• _TASK ITEM_: Only the lines from the one with "Yves Saint Laurent" onward are wanted, through the last line of the entries, set down exactly.

• _DATASET RECORDS_:

◇ ◇ ◇ ◇

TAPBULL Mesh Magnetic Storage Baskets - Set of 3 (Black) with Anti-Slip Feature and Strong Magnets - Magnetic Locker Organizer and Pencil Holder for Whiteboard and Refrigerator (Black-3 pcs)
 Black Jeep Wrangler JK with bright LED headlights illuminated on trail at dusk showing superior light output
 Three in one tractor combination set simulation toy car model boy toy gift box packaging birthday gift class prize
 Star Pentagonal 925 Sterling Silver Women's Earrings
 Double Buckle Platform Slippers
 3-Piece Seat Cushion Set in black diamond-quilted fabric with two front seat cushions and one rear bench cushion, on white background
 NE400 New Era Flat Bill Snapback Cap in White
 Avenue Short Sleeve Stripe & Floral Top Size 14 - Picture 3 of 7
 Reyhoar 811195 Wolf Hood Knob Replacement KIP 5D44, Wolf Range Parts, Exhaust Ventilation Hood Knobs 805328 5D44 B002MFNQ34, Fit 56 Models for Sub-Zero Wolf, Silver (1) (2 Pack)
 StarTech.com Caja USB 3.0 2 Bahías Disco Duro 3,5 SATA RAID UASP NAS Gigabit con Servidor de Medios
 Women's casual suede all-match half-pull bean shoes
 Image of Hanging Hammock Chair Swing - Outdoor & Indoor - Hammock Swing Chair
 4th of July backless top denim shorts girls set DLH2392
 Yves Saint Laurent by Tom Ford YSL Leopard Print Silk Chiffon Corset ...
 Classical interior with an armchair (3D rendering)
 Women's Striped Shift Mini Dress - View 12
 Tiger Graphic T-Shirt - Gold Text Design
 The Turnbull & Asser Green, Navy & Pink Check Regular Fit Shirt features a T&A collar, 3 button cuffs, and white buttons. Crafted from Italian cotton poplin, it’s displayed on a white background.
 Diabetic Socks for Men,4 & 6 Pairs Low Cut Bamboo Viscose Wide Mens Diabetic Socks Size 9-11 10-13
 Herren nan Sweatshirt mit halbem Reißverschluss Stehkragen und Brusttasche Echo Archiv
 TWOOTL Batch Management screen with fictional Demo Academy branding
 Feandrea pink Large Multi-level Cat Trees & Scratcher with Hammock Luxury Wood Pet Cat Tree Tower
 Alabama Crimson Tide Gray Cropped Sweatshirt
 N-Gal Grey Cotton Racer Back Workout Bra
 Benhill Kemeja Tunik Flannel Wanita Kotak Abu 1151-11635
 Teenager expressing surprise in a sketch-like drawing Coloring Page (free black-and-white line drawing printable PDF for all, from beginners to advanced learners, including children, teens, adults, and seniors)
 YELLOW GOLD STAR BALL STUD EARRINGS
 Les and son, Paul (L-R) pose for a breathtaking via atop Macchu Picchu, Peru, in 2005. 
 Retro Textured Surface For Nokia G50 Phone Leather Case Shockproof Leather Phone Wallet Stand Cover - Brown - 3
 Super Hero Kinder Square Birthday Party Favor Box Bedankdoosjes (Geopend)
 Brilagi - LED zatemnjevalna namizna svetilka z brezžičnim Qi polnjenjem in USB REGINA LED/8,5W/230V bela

◇ ◇ ◇ ◇

• _RESPONSE_:
 Yves Saint Laurent by Tom Ford YSL Leopard Print Silk Chiffon Corset ...
 Classical interior with an armchair (3D rendering)
 Women's Striped Shift Mini Dress - View 12
 Tiger Graphic T-Shirt - Gold Text Design
 The Turnbull & Asser Green, Navy & Pink Check Regular Fit Shirt features a T&A collar, 3 button cuffs, and white buttons. Crafted from Italian cotton poplin, it’s displayed on a white background.
 Diabetic Socks for Men,4 & 6 Pairs Low Cut Bamboo Viscose Wide Mens Diabetic Socks Size 9-11 10-13
 Herren nan Sweatshirt mit halbem Reißverschluss Stehkragen und Brusttasche Echo Archiv
 TWOOTL Batch Management screen with fictional Demo Academy branding
 Feandrea pink Large Multi-level Cat Trees & Scratcher with Hammock Luxury Wood Pet Cat Tree Tower
 Alabama Crimson Tide Gray Cropped Sweatshirt
 N-Gal Grey Cotton Racer Back Workout Bra
 Benhill Kemeja Tunik Flannel Wanita Kotak Abu 1151-11635
 Teenager expressing surprise in a sketch-like drawing Coloring Page (free black-and-white line drawing printable PDF for all, from beginners to advanced learners, including children, teens, adults, and seniors)
 YELLOW GOLD STAR BALL STUD EARRINGS
 Les and son, Paul (L-R) pose for a breathtaking via atop Macchu Picchu, Peru, in 2005. 
 Retro Textured Surface For Nokia G50 Phone Leather Case Shockproof Leather Phone Wallet Stand Cover - Brown - 3
 Super Hero Kinder Square Birthday Party Favor Box Bedankdoosjes (Geopend)
 Brilagi - LED zatemnjevalna namizna svetilka z brezžičnim Qi polnjenjem in USB REGINA LED/8,5W/230V bela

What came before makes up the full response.